Go West, Young Man (Part Two)

If you come from a small town miles from anywhere, it's hard to shake the wide-eyed look you get when you visit a big city. Growing up, Carlisle seemed pretty cosmopolitan to someone like me: after all, it had a Our Price and a Virgin Records. Back home, we had the top 40 and some dodgy compilation albums in Woolworths.

London was naturally a whole different ball game, obviously, but I've never felt I got a handle on how big it is. Visits there limited themselves to the city centre, the suburbs only passing by in a blur on train journeys. Even the city itself was covered underground, oblivious to all above.

So when the plane approached LAX, the scene outside the plane window - luckily it was a clear day - was mind-blowing. Urban sprawl as far as I could see, a city on a scope beyond anything I'd seen before. Typical of the States, I guess, everything just having to be bigger.

Including my friend's apartment, which seemed huge to me. At the time, I was working as a journalist and living in a bedsit that could be best described as "a box" or "a complete shitheap", depending on your point of view. My host, who worked as a clerk in the DVD section of a record store, lived in a very spacious gaff with it's own underground parking space just off Hollywood Boulevard.

My first full day, we drove down to Santa Monica for my big moment. Going through Beverley Hills and Bel Air - it's perhaps naff to say, but it was such a thrill seeing places I'd only seen on TV. When we finally made it to the coast, I ran down to the waters edge and stared out over the Pacific Ocean. For some lanky gobshite from Whitehaven, it seemed I'd come a hell of a long way.

There's something about the Pacific that's hard to explain unless you've been there. A scene in Mad Men has Don Draper wade in its waters and emerge determined to be a new man, and when I saw that years after I'd been there myself, the scene resonated deeply. At the time, I looked out and thought "there's nothing out there but thousands of miles of blue until you hit Asia".

Then we went and had cocktails in Malibu.

After that, for the main part, I was left alone to do my own thing. My friend would head off to work in the morning and I'd leave and just head in some random direction, seeing what was around. Bumming round the middle of LA, checking out the art gallery. Wasting half a day gawping at the guitars in this huge music store on Santa Monica Boulevard.

It was there, I think, that I realised that American Culture was at heart, corrupt. In the middle of Hollywood, one of the major world centres for entertainment and people rich beyond my imagination would be people holding up signs begging not for money, but a job. I thought of that guy a lot, about how the system that was supposed to be best left so many on the scrapheap.

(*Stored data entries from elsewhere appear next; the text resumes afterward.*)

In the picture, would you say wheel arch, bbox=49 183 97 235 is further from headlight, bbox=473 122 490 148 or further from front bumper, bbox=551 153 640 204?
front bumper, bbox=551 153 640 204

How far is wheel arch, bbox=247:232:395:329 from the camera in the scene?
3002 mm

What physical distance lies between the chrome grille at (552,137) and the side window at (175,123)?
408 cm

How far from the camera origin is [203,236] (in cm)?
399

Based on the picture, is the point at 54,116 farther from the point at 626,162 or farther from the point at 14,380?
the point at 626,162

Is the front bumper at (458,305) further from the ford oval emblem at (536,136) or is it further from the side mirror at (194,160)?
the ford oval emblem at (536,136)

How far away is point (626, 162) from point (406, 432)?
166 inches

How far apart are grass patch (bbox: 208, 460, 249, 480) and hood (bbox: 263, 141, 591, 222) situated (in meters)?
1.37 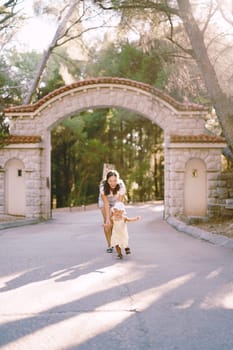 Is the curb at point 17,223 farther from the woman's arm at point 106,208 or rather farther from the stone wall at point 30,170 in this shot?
the woman's arm at point 106,208

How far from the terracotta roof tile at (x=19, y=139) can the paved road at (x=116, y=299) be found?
7969mm

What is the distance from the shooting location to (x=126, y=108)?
15766 millimetres

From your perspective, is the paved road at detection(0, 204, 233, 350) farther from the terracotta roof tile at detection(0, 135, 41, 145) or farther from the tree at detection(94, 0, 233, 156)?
the terracotta roof tile at detection(0, 135, 41, 145)

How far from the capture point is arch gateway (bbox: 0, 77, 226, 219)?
15.3 meters

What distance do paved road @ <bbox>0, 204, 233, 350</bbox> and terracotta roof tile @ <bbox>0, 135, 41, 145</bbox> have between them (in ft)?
26.1

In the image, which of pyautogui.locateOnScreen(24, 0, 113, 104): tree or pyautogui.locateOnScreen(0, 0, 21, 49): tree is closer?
pyautogui.locateOnScreen(0, 0, 21, 49): tree

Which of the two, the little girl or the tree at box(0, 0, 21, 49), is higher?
the tree at box(0, 0, 21, 49)

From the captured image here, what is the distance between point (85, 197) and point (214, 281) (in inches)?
918

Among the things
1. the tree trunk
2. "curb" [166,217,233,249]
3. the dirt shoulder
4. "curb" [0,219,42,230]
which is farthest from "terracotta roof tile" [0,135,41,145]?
the tree trunk

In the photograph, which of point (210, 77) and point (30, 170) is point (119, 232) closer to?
point (210, 77)

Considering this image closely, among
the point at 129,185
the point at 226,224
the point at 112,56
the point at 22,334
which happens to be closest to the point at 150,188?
the point at 129,185

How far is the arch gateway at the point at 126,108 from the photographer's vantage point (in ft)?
50.2

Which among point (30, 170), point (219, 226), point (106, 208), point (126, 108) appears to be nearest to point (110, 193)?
point (106, 208)

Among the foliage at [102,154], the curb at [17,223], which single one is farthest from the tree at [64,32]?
the curb at [17,223] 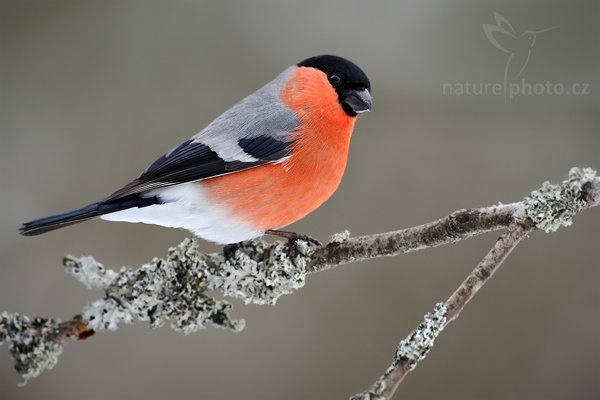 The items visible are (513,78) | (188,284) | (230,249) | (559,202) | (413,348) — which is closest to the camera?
(413,348)

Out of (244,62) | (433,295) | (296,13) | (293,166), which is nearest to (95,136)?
(244,62)

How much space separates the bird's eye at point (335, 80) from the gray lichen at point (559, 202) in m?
1.00

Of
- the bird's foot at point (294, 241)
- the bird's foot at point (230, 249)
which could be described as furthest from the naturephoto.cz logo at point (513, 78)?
the bird's foot at point (230, 249)

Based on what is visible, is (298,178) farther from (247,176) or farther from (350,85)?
(350,85)

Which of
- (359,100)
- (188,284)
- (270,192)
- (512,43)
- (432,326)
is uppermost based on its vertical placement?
(512,43)

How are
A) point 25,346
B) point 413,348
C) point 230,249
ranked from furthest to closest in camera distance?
point 230,249
point 25,346
point 413,348

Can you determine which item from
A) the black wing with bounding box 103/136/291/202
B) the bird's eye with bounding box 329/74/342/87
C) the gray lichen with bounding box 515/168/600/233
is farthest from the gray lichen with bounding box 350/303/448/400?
the bird's eye with bounding box 329/74/342/87

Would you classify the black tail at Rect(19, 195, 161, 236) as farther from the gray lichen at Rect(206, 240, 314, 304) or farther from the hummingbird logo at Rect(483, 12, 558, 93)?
the hummingbird logo at Rect(483, 12, 558, 93)

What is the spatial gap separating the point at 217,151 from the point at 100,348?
1.37m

I also remember on my first wander walking down Hollywood and looking around with what must have been the look of an obvious tourist. A voice came from the ground next to me.

"LA, baby, LA!"

Some homeless dude beamed up on me. He must have seen hundreds, thousands of people like me, looking around with wonder. Films like Mullholland Drive make more sense once you've been there - the city is full of people out to try to make something of their lives. My friend knew plenty of time: aspiring musicians, actors and writers. Some of them seemed to be getting somewhere - a band who'd got a song on the soundtrack to some fairly big film, someone who'd got a book deal for their children's books.

They were encouraging when I mentioned I was trying to get a band together and even if they were just being friendly, it was nice to hear. When I was growing up, if you showed any kind of artistic slant, the reaction was usually "think yer fucken' special, eh?" followed by repeated accusations that my sexual preferences might be more in favour of males.

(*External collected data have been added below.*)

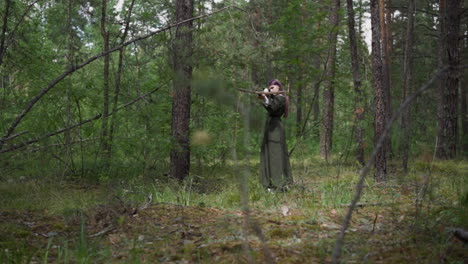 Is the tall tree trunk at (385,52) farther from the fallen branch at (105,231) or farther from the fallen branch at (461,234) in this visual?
the fallen branch at (105,231)

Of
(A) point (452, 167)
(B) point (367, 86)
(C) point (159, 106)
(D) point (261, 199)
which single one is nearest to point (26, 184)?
(C) point (159, 106)

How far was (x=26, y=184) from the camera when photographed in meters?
7.57

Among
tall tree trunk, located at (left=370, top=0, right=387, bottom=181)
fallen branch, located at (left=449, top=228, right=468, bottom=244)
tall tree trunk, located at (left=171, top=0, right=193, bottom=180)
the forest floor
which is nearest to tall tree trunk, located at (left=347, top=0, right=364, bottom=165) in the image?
tall tree trunk, located at (left=370, top=0, right=387, bottom=181)

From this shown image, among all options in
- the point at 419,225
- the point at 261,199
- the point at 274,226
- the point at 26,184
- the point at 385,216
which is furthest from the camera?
the point at 26,184

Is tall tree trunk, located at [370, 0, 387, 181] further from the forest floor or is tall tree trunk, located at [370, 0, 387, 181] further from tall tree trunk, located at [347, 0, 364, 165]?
tall tree trunk, located at [347, 0, 364, 165]

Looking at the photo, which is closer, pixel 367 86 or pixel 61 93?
pixel 61 93

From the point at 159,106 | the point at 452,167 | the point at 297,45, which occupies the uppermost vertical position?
the point at 297,45

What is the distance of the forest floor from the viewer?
11.3ft

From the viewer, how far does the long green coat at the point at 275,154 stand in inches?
287

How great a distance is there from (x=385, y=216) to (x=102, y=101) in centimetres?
612

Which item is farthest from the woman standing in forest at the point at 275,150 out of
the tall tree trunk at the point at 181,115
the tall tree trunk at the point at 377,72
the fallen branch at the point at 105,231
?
the fallen branch at the point at 105,231

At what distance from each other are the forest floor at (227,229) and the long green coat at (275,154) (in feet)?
2.30

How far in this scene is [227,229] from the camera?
4.12 metres

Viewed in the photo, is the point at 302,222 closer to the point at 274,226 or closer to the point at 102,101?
the point at 274,226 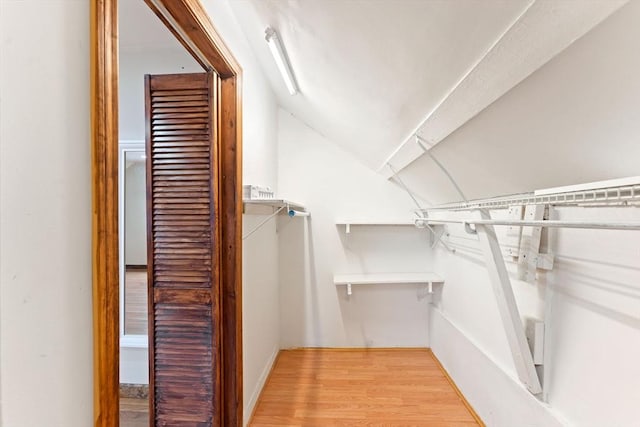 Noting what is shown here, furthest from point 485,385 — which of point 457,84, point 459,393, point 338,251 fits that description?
point 457,84

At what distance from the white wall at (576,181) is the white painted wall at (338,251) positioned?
1.18 metres

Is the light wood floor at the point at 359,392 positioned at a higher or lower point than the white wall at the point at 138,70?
lower

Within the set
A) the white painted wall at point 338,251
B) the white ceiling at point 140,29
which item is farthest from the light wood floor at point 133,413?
the white ceiling at point 140,29

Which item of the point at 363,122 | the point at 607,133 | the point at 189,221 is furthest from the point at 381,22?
the point at 189,221

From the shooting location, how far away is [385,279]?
2791 mm

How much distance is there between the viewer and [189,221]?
5.30 ft

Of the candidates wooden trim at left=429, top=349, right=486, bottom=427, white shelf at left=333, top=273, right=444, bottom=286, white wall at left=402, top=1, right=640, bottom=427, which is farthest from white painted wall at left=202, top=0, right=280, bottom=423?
wooden trim at left=429, top=349, right=486, bottom=427

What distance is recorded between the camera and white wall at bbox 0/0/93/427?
0.50 m

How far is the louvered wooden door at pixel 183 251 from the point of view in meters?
1.59

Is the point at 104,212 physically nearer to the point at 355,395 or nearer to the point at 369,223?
the point at 355,395

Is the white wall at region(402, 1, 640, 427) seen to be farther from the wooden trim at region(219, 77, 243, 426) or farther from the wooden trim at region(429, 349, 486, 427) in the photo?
the wooden trim at region(219, 77, 243, 426)

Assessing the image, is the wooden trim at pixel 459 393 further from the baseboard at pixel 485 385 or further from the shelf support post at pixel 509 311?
the shelf support post at pixel 509 311

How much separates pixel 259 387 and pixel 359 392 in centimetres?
72

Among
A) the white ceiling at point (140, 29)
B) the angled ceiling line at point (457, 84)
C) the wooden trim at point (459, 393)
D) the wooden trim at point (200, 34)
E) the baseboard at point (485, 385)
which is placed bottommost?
the wooden trim at point (459, 393)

Going back to the whole American = big aspect.You ask for a bowl of chips (alright, fries) with your beer while watching a game, you get a huge plate of the things.

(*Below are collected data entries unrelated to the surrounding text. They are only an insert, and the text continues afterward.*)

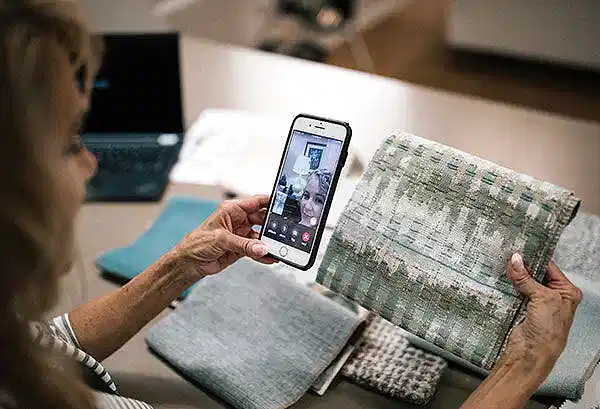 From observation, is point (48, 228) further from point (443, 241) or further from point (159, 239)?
point (159, 239)

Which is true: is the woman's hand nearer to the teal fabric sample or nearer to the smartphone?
the smartphone

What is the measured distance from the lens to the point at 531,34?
282 centimetres

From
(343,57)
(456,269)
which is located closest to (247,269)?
(456,269)

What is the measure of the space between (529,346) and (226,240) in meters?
0.39

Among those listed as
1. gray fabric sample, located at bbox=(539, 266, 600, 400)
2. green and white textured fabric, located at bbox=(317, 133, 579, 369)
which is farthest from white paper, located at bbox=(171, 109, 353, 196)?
gray fabric sample, located at bbox=(539, 266, 600, 400)

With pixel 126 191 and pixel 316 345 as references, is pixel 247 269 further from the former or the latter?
pixel 126 191

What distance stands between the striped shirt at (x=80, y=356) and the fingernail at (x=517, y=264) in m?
0.45

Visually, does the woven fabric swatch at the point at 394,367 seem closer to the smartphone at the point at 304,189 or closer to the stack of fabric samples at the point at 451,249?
the stack of fabric samples at the point at 451,249

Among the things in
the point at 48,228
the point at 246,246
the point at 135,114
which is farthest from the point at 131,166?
the point at 48,228

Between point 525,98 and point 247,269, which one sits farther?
point 525,98

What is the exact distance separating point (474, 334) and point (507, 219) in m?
0.14

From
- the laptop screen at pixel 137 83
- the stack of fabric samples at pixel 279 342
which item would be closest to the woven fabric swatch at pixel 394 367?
the stack of fabric samples at pixel 279 342

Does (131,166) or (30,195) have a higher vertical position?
(30,195)

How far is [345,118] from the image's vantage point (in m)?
1.45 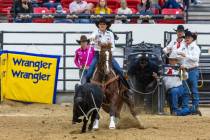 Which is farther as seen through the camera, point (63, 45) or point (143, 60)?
point (63, 45)

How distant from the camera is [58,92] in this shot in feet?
57.8

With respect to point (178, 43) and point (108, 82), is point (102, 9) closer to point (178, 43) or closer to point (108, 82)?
point (178, 43)

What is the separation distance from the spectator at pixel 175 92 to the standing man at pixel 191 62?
141 mm

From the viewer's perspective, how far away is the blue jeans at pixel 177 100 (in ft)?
50.2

That action also brought one, umm, uncomfortable moment. On being delivered a burger and fries in some diner place with my friend and some of her colleagues, I proceeded to grab the vinegar to drown those spuds as is my ilk. Sadly, it wasn't what I thought it was and instead a load of syrup glooped on my food. Odd looks were abound, naturally, but for some reason I decided I couldn't look stupid and instead, smiling, ate my somewhat sweetened fries, much to the bafflement of everyone else.

In a flash, it was all over and I was back at LAX, drinking crap beer and seeing England beat the USA at football. The return flight was a slog and I learnt an important fact: jet lag fucks you up.